Von 3. Juni 2021 Aktualisiert: 10. Juni 2021 4:42
Es gibt keine Beweise für einen natürlichen Ursprung des Coronavirus, berichten Forscher. Der mögliche Laborursprung des Coronavirus wurde möglicherweise von demselben WHO-Forscher vertuscht, der die Experimente finanziert hat. Westliche Medien, die die Beteiligung der chinesischen Kommunistischen Partei (KPC) vertuschten, werden teils von China gesponsert.

SARS-CoV-2 hat „keinen glaubwürdigen natürlichen Ursprung“ und wurde von chinesischen Wissenschaftlern erschaffen, die es „rückkonstruiert“ hätten, um einen natürlichen Ursprung vorzutäuschen, so eine neue Studie des britischen Professors Angus Dalgleish und des norwegischen Forschers Dr. Birger Sørensen, berichtet die „Daily Mail“.
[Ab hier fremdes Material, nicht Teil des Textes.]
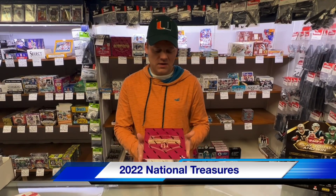Hi, this is Jason at SportsZone Toys and Comics, and today's a big day. National Treasures, one of the favorites of the year, is just in. We're going to break it.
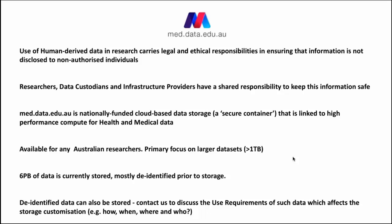However, identified data can also be stored on med.data.edu.au, and if that's the case we'd love to hear from you to discuss the use requirements of such data, which does affect the storage customisation — that is, how the data is intended to be used, when and where and by who. We have contact details on our website, so we encourage you to check it out.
Es gebe konkrete Hinweise, dass SARS-CoV-2 möglicherweise im Wuhan Institut für Virologie (WIV) erschaffen wurde. Die Daten dazu in den chinesischen Laboren seien „absichtlich vernichtet, vertuscht oder kontaminiert“ worden und kritische chinesische Forscher, die Ergebnisse dazu präsentieren wollten, seien daran gehindert worden oder verschwunden, so Dalgleish.

Auf der Suche nach einem Impfstoff hätten Dalgleish und Sørensen „einzigartige Fingerabdrücke“ gefunden, nach denen das Virus „jenseits aller vernünftigen Zweifel“ im Labor menschengemacht sein muss.

Auch nach über einem Jahr können chinesische Behörden keinen natürlichen Wirt vorweisen, in dem SARS-CoV-2 auftritt. Bei vorherigen Corona-Pandemien wie SARS und MERS war der Träger nach wenigen Monaten identifiziert.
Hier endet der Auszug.